Unfortunately, many of the dishes had a schizoid quality about them in which sparkle and tedium shared the same attractive platter. Too many of the obviously top-drawer ingredients tasted like they were either left on the stovetop longer than was advisable or were overdressed with an otherwise delicious sauce. The vegetable salad, for instance, featured a sparkling array of fresh seasonal produce marinated within an inch of their lives in an eyeball-popping vinaigrette (accent on the vinegar) and then placed upon an incongruous bed of crisp romaine lettuce leaves.
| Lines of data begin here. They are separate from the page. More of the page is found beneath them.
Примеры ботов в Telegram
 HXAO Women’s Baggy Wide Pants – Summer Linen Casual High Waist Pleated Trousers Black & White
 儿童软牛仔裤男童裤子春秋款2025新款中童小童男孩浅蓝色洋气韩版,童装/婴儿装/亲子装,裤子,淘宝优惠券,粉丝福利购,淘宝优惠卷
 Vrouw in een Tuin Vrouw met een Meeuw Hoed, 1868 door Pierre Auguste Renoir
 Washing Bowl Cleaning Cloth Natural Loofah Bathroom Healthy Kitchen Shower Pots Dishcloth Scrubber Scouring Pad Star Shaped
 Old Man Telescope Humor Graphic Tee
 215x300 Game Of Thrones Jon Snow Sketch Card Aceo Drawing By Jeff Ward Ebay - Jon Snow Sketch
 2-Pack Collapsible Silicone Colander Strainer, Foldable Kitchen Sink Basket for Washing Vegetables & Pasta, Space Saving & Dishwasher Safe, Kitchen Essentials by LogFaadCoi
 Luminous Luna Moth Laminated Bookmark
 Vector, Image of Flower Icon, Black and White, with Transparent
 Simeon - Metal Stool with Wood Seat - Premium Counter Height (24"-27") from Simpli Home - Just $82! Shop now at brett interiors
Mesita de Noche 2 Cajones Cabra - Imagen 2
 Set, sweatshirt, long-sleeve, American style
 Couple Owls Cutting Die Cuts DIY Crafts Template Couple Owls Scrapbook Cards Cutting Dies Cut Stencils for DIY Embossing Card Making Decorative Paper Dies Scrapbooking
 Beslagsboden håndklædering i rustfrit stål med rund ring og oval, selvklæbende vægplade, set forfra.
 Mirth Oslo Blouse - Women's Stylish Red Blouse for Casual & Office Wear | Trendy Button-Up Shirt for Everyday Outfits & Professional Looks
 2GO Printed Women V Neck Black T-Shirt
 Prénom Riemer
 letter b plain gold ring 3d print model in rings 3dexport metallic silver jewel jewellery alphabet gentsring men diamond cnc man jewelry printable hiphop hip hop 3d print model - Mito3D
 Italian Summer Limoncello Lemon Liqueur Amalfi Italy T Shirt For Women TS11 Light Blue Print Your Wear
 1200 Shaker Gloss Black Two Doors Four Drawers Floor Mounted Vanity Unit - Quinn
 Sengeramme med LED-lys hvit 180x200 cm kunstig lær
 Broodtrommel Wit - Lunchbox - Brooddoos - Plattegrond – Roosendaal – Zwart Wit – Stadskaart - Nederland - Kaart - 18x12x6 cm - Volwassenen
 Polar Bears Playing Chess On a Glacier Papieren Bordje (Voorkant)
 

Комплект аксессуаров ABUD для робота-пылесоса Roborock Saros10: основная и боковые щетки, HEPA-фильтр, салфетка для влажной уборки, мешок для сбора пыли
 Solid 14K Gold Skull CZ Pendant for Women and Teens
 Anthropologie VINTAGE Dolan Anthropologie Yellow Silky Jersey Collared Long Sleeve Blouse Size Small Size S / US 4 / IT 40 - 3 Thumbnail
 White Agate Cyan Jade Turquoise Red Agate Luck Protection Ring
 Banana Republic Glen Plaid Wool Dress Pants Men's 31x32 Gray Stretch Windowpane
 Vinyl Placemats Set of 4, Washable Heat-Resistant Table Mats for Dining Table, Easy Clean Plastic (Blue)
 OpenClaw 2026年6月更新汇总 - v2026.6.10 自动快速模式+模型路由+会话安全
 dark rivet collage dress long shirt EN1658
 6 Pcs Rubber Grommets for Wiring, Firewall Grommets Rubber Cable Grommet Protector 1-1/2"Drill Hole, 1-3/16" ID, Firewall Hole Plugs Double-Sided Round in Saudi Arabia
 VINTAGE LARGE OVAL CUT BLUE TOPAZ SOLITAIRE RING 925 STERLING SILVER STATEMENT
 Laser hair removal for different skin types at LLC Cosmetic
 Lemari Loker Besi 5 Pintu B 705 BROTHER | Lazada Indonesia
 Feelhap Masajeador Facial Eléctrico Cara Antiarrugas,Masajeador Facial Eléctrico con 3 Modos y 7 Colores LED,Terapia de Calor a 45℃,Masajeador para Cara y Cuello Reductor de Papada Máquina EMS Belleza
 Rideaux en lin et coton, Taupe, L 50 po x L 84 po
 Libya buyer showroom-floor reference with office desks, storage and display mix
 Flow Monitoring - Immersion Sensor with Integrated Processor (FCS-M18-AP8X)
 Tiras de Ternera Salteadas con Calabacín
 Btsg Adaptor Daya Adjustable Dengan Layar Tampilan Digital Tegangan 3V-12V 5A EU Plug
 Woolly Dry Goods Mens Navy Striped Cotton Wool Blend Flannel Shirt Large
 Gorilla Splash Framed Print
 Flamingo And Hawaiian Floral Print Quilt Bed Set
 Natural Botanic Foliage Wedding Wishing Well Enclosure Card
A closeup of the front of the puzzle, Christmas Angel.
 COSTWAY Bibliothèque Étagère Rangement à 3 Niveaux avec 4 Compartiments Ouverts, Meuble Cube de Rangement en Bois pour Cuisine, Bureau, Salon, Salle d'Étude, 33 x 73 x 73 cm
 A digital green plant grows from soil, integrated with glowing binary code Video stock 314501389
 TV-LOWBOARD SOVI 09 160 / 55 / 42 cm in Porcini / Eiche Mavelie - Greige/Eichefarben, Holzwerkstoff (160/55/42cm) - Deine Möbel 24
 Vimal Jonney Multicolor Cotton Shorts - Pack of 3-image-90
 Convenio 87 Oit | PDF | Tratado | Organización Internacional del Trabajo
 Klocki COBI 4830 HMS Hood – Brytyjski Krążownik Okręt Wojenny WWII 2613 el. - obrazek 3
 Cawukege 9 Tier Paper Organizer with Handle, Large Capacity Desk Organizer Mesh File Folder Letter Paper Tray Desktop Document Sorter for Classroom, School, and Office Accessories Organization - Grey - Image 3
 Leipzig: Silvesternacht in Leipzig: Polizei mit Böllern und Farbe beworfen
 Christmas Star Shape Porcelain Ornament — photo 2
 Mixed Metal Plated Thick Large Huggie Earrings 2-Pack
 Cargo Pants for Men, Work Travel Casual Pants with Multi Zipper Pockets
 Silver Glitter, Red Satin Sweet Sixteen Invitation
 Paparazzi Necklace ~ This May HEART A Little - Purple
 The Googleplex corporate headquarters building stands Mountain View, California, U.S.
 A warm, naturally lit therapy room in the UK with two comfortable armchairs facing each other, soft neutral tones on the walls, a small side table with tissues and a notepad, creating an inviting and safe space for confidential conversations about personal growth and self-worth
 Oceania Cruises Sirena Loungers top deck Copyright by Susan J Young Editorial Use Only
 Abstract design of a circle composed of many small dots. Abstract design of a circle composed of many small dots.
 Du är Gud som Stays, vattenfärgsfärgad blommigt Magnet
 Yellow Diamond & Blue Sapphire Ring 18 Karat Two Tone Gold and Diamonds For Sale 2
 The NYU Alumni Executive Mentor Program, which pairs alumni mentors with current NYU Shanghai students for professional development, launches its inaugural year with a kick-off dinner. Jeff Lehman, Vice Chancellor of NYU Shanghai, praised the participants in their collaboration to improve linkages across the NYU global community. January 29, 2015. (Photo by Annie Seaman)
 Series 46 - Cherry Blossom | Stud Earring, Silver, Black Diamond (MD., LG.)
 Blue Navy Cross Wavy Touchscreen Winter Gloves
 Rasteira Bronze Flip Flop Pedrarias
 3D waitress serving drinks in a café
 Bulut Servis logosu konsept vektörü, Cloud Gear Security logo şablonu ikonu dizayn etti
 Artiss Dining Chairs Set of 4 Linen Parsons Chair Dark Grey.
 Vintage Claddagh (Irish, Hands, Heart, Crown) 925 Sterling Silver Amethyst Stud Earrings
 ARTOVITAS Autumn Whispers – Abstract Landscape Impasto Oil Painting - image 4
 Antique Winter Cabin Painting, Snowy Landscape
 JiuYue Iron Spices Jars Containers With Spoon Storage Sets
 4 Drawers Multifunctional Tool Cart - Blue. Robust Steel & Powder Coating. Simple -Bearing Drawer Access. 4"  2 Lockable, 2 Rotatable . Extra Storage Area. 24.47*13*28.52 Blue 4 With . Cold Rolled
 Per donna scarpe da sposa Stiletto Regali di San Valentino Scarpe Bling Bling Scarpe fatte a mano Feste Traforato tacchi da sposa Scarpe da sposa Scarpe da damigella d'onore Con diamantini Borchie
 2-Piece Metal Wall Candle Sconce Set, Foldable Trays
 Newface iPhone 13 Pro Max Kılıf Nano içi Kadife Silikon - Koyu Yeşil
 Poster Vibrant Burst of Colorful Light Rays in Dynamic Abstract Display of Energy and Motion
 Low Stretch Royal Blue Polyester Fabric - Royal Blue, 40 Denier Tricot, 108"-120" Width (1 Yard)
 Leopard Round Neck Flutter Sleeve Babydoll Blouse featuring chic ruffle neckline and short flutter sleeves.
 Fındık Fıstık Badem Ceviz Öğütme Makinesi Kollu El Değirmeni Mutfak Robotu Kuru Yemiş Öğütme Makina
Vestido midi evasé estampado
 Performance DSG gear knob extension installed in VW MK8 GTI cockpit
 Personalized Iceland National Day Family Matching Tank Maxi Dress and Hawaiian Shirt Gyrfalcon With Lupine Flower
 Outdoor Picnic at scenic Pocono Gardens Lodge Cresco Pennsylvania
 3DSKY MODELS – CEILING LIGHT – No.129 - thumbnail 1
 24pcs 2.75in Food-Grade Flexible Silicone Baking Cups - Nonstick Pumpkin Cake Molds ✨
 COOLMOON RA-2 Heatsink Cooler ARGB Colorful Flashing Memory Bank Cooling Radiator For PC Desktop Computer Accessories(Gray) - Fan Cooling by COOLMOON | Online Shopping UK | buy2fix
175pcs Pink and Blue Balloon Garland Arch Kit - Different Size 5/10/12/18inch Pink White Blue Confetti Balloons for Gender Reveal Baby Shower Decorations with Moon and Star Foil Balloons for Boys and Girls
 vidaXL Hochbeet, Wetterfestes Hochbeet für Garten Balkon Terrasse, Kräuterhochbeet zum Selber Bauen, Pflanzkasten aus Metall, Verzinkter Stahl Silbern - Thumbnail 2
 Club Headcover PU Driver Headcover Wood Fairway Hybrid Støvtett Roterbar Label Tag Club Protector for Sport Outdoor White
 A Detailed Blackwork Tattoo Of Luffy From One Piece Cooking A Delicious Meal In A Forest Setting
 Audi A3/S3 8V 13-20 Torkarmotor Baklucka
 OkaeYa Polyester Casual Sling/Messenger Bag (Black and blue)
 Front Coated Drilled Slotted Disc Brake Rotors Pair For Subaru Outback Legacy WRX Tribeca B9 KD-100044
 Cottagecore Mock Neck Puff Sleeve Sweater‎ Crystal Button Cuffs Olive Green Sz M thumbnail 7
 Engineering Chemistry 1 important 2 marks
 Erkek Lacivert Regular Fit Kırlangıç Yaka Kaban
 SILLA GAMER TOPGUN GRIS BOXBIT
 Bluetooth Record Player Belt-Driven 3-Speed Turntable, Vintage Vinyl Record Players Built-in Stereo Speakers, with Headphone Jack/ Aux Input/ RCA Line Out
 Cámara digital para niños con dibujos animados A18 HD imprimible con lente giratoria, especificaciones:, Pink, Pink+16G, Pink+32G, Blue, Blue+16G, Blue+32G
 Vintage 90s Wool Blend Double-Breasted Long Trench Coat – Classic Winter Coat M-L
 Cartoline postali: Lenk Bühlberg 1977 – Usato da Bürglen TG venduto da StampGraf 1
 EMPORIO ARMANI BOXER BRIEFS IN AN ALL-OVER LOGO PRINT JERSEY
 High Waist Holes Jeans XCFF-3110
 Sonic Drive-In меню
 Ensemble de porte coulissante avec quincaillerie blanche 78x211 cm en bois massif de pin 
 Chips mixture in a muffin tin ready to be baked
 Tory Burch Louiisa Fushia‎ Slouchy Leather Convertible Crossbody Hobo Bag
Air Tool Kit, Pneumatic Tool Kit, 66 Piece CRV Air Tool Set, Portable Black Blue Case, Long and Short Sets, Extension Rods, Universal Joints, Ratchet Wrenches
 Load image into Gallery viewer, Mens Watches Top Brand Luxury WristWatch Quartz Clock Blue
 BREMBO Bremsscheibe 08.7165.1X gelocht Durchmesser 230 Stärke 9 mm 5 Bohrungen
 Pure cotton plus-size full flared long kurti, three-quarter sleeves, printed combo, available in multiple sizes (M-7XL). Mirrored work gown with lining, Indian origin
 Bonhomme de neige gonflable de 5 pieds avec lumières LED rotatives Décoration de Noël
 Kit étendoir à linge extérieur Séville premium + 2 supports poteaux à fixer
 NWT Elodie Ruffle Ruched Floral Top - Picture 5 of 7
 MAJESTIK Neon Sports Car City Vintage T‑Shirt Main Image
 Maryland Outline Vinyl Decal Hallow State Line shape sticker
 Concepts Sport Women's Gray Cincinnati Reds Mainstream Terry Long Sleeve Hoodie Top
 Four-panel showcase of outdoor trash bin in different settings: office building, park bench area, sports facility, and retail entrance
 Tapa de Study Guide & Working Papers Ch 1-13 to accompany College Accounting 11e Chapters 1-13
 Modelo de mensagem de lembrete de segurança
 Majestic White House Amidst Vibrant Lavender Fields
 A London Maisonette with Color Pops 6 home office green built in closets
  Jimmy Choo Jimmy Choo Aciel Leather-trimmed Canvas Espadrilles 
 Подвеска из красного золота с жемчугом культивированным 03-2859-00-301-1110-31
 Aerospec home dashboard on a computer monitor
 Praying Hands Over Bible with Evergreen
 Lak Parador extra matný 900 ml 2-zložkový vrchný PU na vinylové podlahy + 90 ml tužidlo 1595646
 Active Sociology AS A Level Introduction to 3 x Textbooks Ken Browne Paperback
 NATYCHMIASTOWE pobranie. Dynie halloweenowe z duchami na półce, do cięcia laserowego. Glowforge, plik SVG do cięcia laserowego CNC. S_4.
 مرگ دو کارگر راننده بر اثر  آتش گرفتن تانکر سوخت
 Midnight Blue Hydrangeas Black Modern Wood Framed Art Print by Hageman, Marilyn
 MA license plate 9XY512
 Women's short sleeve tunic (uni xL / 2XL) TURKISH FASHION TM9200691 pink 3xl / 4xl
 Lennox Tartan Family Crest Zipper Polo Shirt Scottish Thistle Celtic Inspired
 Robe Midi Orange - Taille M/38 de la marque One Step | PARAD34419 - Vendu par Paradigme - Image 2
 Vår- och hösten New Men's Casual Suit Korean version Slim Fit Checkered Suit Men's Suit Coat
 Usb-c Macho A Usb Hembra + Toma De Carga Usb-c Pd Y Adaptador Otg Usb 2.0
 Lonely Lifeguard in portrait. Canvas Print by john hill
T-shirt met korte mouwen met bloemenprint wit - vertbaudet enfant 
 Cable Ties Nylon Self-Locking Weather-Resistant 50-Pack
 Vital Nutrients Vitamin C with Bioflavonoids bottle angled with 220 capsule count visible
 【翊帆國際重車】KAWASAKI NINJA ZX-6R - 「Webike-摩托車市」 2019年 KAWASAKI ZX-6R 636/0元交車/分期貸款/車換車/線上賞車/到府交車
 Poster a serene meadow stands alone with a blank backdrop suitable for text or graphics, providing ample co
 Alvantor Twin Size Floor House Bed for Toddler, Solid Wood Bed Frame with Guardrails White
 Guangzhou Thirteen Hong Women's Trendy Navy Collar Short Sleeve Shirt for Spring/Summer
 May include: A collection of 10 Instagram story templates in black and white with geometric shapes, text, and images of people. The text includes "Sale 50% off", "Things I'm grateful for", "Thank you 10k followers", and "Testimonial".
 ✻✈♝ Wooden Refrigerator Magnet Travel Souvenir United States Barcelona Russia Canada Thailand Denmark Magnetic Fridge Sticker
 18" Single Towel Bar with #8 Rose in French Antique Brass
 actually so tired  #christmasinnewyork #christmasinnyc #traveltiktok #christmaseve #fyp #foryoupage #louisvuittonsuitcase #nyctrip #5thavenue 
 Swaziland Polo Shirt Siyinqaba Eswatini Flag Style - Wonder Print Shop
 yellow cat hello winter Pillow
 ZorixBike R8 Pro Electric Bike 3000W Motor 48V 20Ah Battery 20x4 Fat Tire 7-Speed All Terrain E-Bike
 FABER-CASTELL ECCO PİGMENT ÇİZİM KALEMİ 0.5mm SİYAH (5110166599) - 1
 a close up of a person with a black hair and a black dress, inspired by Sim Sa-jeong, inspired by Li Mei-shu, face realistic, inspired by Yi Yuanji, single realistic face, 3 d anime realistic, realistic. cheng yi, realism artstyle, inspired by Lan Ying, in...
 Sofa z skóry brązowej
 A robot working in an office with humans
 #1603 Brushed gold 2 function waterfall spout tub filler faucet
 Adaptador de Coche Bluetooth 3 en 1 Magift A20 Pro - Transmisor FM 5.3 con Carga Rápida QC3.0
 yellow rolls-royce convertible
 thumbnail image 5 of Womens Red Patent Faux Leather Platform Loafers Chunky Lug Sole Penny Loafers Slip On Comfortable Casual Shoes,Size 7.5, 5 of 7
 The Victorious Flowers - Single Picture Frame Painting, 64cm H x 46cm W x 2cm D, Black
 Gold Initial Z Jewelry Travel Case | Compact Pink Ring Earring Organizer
Another starter, the baked oysters, stumbled: Sweet, succulent Fanny Bays were blanketed with a crunchy, ponderous topping (advertised as "roasted red pepper butter") and baked (and baked and baked), emerging as dry, starchy ovals of protoplasm with just a hint of their former glory. The grilled quail, meanwhile, was absolutely succulent, smoky, and dripping with flavor, its delicate sensibilities beautifully accentuated with supple fig meat and the heady aroma of roasted onion. But couldn't those baby greens have been a bit less, um, perfunctory?

The brodetto (seafood stew) sparkled with a broth incomparable in my experience: Briny with the drippings of clam, mussel, scallop, and swordfish, it further delighted tongue and belly with an enchanted amalgam of peppers and spices and those Sacchi-approved addendums, citrus and wine. But once again the star -- the seafood -- was dry and overcooked. Everything about the pork chop was terrific -- the sweet, succulent roasted onions and the gratin of earthly potatoes, bracing celery root, and a gallon or two of heavy cream -- except the pork chop itself, which wasn't bad (there was a nice hint of balsamic vinegar discernible now and then), but wasn't particularly memorable, either.

The gnocchi, however, was a gustatory dream. Caffé Centro's version was alla Romana, which means it forsakes the boiled or fried potato, spinach, or farina pellets of other regions for the large, baked semolina cakes of the Eternal City. The semolina gave Centro's gnocchi rendition a marvelously rich, hush puppy, polenta-esque aspect; the baking (modern-day Romans advise serving it while the dish is still "alive," burbling and erupting from the oven's heat) provided an irresistibly crunchy top crust that encompassed the silky/ creamy delights beneath. Result: comfort food exponentialized.